The skills needed to survive in this rapidly changing world are flexibility, life long learning, and self-motivation.  What better place to recieve them than a liberal arts college.  The problem, as my friend Rick states, is selling this to the college bound student.

Friday, January 30, 2009

Medieval Help Desk

This video has been around a while, but it's still great.

Thursday, January 29, 2009

Storyboarding

Here's a useful short on the value of storyboarding in the creation of a multimedia presentation. Thanks to Garr Reynolds for the post on this.

Wednesday, January 14, 2009

Collaboration

 I am becoming more and more convinced that collaboration is the key not only to learning, but to the professional future of our students.  Guy Kawasaki  provides a great post about an article in Psychology Today by Carlin Flora called "Dream Teams," which is a study of collaboration in architecture, music, fashion, robotics. I spend a lot of time teaching collaboration to my students using Web 2.0 tools. 

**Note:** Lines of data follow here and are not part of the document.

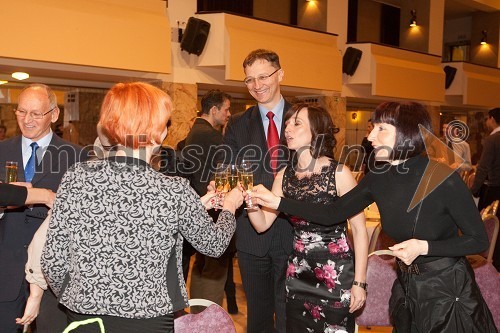 Meta Zagorc, Nika Kljun, koreografinja, plesalka, dr. Igor Lukšič, minister za šolstvo in šport, Janja Pušelj, mama Nike Kljun in Irena Dolinške, botra Nike Kljun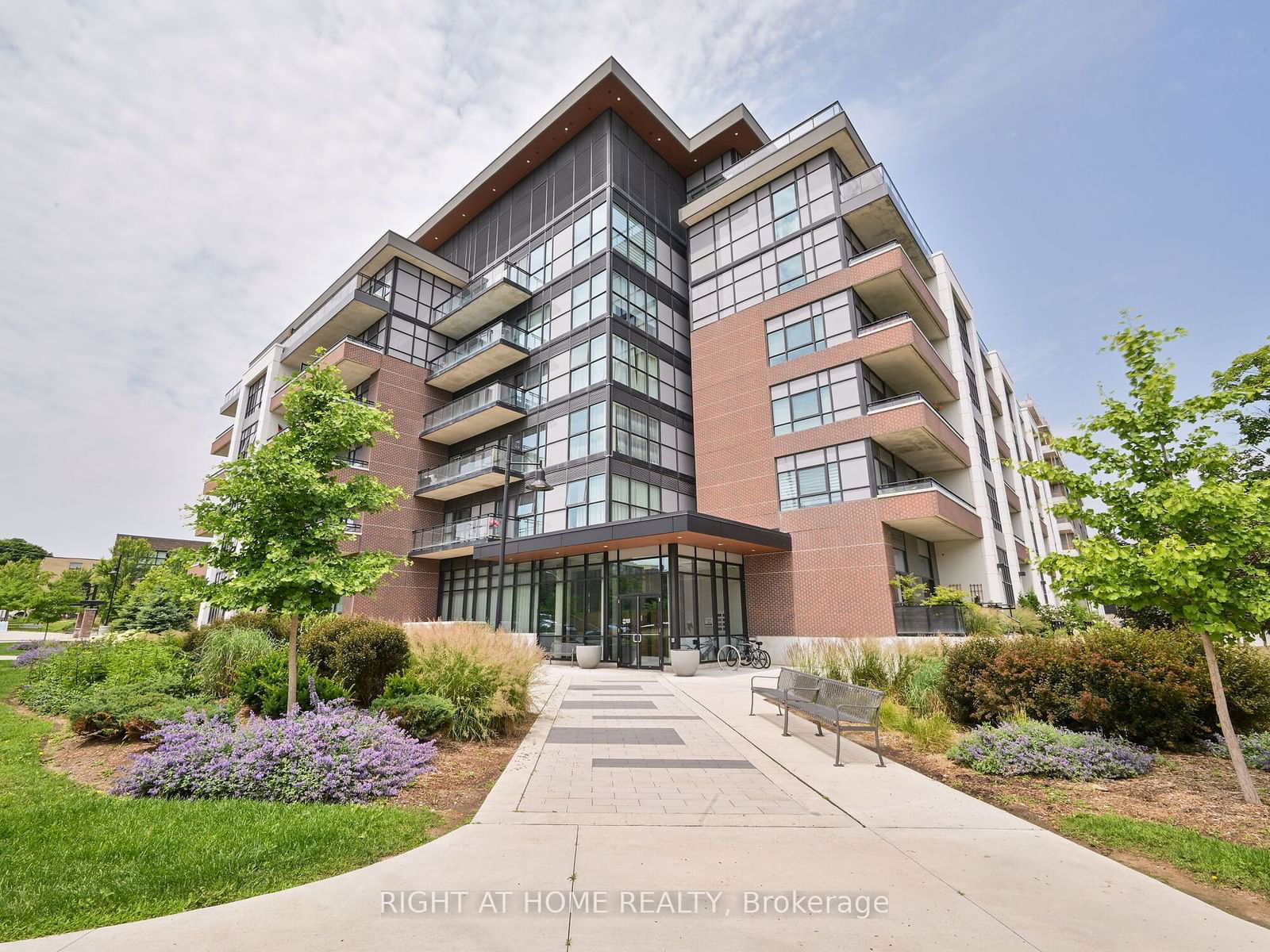 1 Neighbourhood Lane, unit 407 for sale - image #1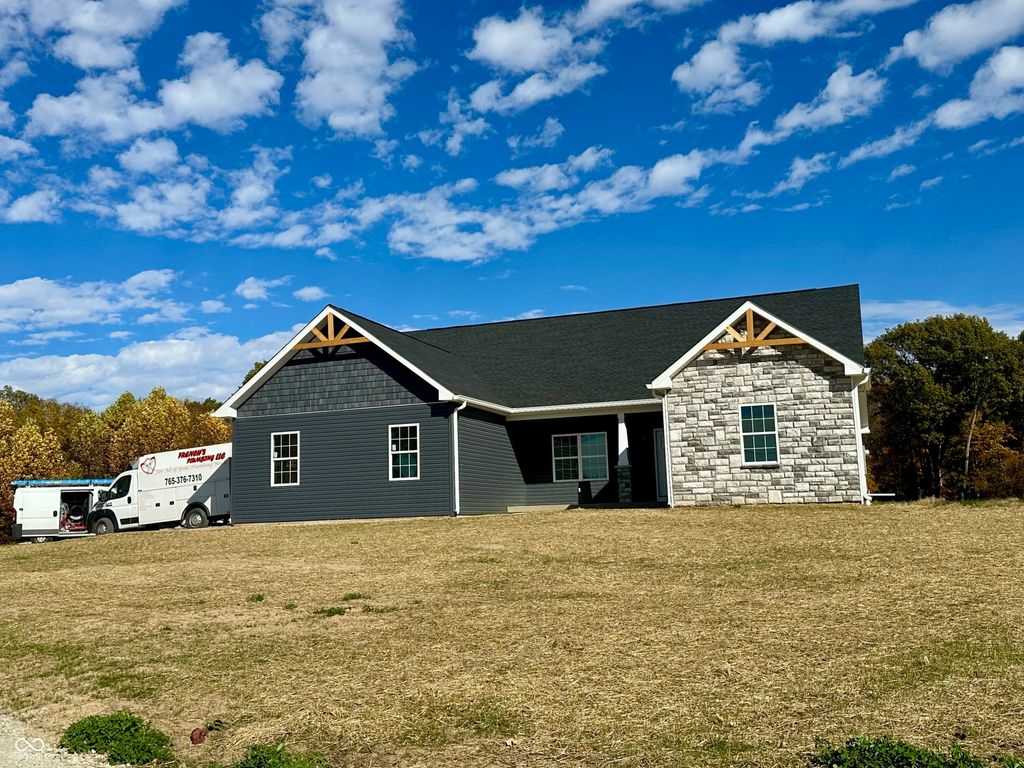 2540 W Grubb Lane, Covington, IN 47932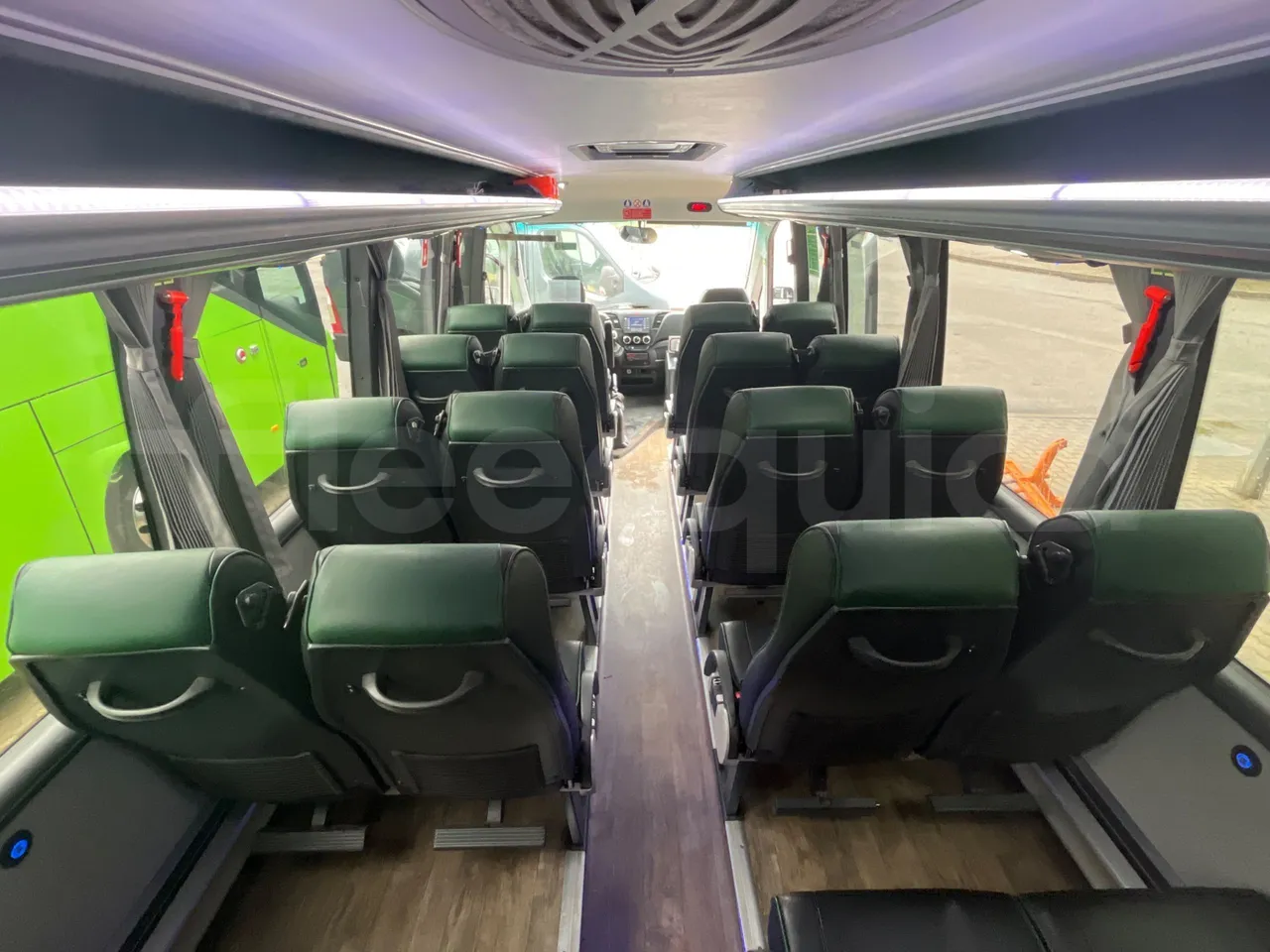 Iveco Ferqui S327C - Euro 6 - 132 kW - 8.470 mt - forward view all seats last row height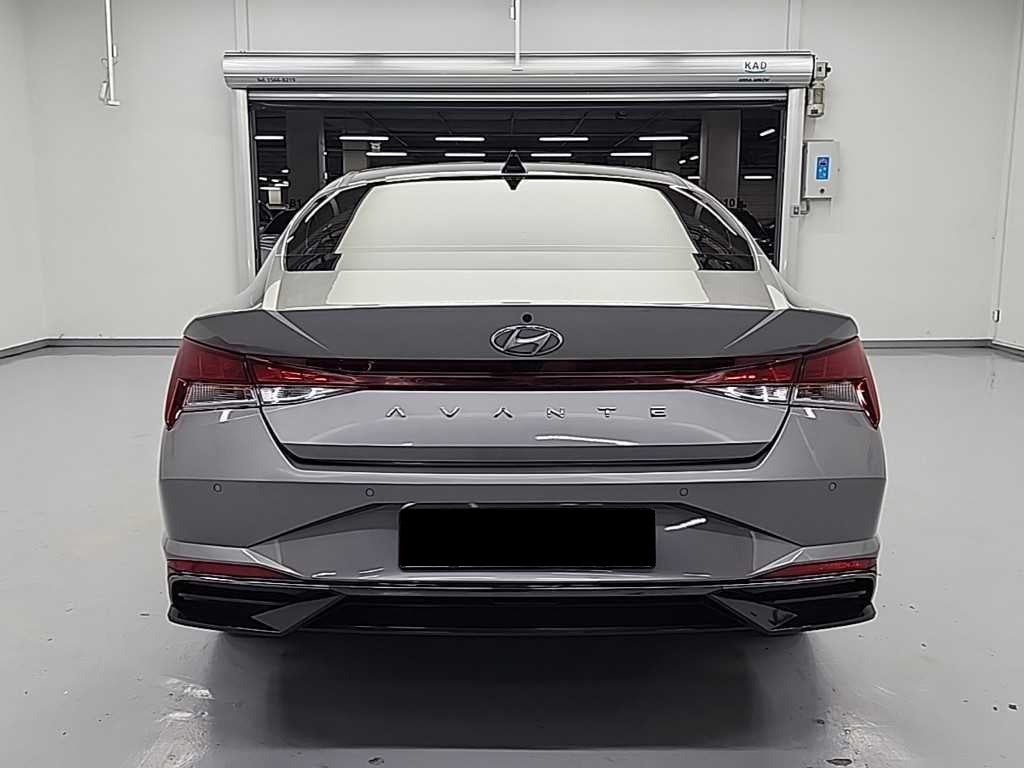 Hyundai Avante — photo 03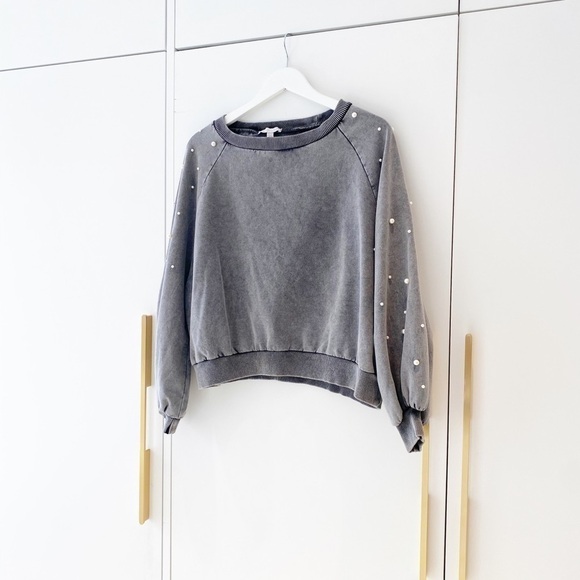 𝅺distressed sweatshirt with pearls from Italy - Picture 10 of 12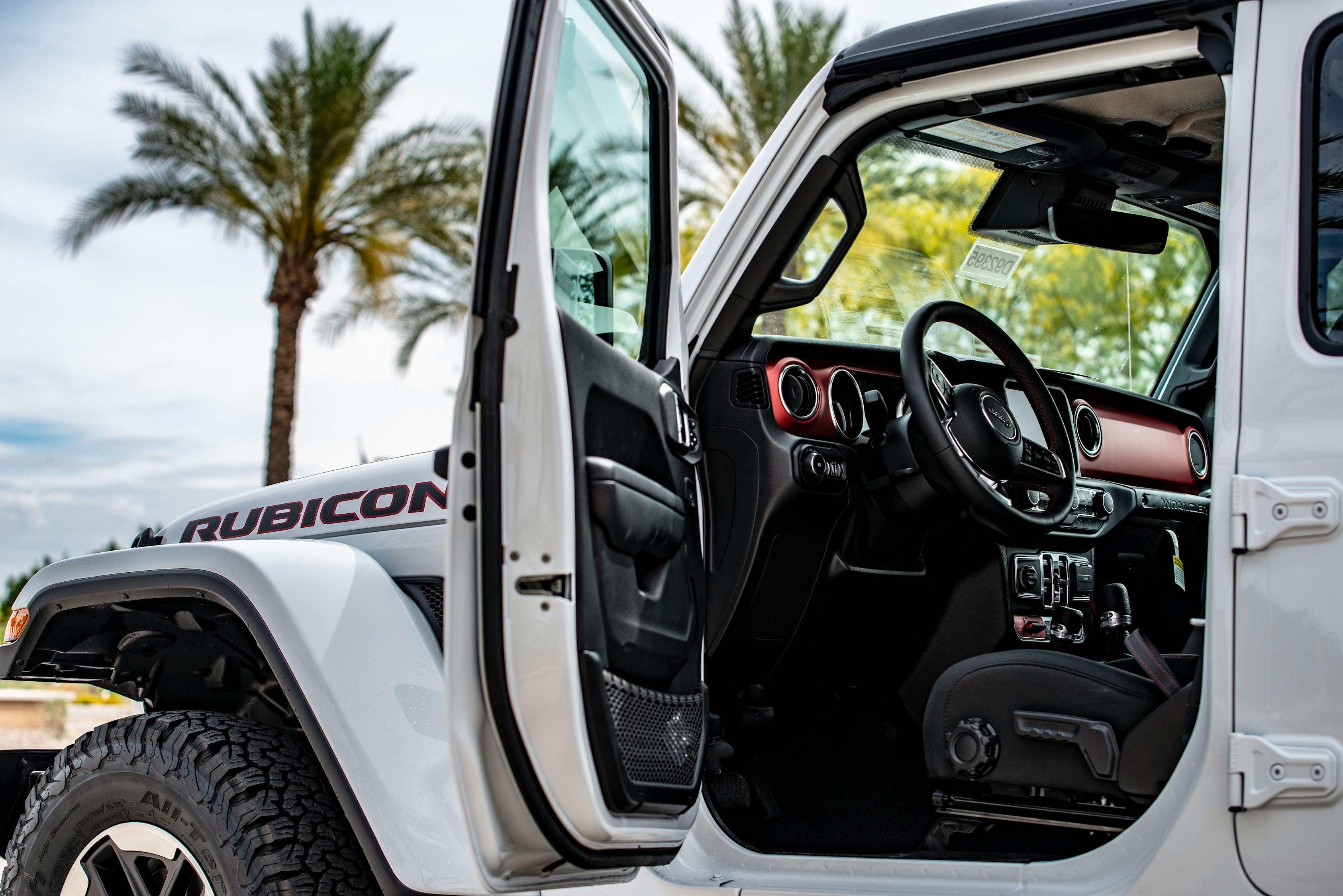 革新農(nóng)業(yè)動(dòng)力，最新全輪驅(qū)動(dòng)盤式拖拉機(jī)亮相！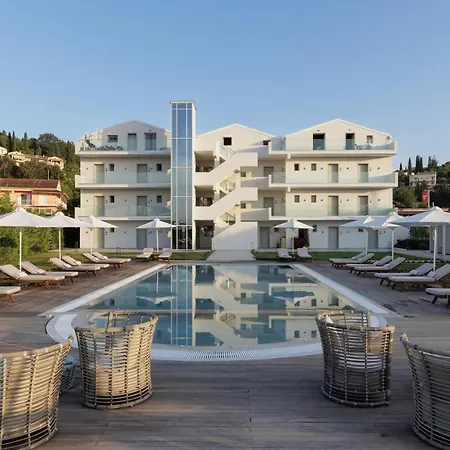 V Luxury 3* Kanálion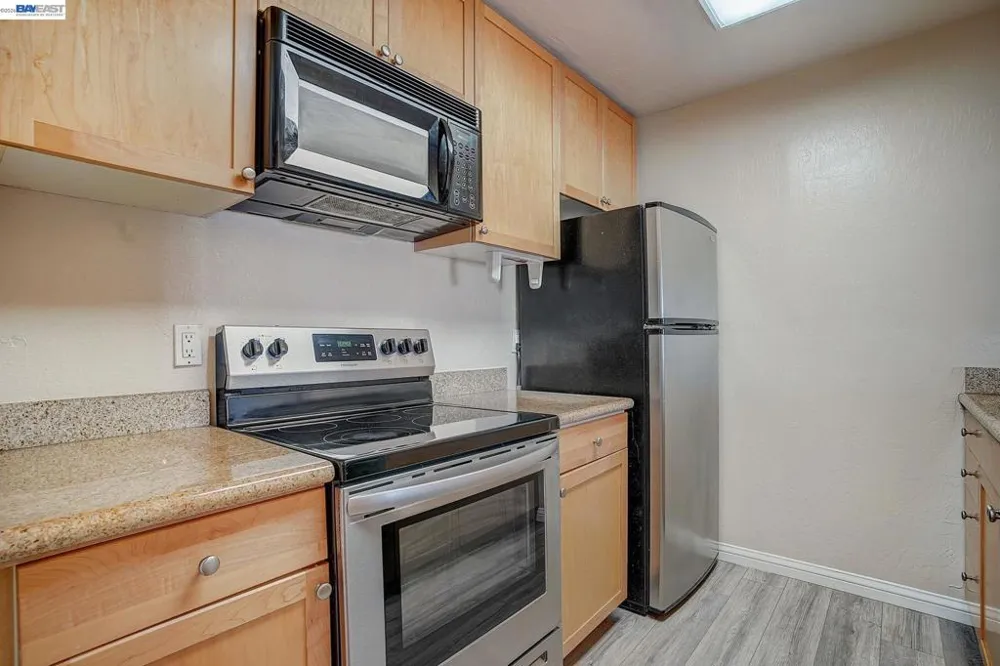 1085 Murrieta Blvd #205 Livermore, CA 94550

For example, students in our school have collaborated on a wiki about the Inauguration.  Last year our 4th students, collaborated on a wiki about New York State.  That same group of students scored very well on this year's State Social Studies Assessment

I've learned a few techniques regarding wikis in the classroom. The most important is to establish a rule that students not add personal identification to wiki posts.  The emphasis is on the group's product, not the individual's product.  Students still gain satisfaction from recognizing their individual contributions on a wiki, and it's always possible to identify the editors through the history. That, of course, prevents bad behavior in the project.  The wiki method offers the ability for student's to learn individual responsibility and group learning.

Students get excited about a wiki.  One student, who often appears bored in my classes, got very excited after taking the state test.  She informed me that the DBQ portion of the exam had focused on Peter Stuyvesant, and she had written an entire piece on him for our wiki project.